[Records from a data collection]
☆ ☆ ☆ ☆

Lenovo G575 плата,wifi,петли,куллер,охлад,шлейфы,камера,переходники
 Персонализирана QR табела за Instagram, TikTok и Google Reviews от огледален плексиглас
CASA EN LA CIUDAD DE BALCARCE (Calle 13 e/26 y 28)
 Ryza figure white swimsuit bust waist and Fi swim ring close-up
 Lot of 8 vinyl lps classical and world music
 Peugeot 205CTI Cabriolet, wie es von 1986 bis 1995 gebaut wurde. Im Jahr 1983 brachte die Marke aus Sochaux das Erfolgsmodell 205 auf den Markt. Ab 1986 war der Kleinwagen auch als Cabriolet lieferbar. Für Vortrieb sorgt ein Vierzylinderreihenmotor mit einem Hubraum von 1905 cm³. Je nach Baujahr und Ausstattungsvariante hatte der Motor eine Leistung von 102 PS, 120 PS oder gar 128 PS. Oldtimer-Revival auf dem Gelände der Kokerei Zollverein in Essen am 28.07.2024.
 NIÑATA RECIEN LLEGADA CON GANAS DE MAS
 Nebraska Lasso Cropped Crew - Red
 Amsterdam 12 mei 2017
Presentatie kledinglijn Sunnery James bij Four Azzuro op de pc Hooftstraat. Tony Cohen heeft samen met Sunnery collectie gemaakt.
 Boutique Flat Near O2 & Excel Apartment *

☆ ☆ ☆ ☆

With the line containing "Lot of 8 vinyl lps classical and world music" as the last one, please set down exactly the lines of the records above from their very first line, and nothing more.

RESPONSE AREA:
Lenovo G575 плата,wifi,петли,куллер,охлад,шлейфы,камера,переходники
 Персонализирана QR табела за Instagram, TikTok и Google Reviews от огледален плексиглас
CASA EN LA CIUDAD DE BALCARCE (Calle 13 e/26 y 28)
 Ryza figure white swimsuit bust waist and Fi swim ring close-up
 Lot of 8 vinyl lps classical and world music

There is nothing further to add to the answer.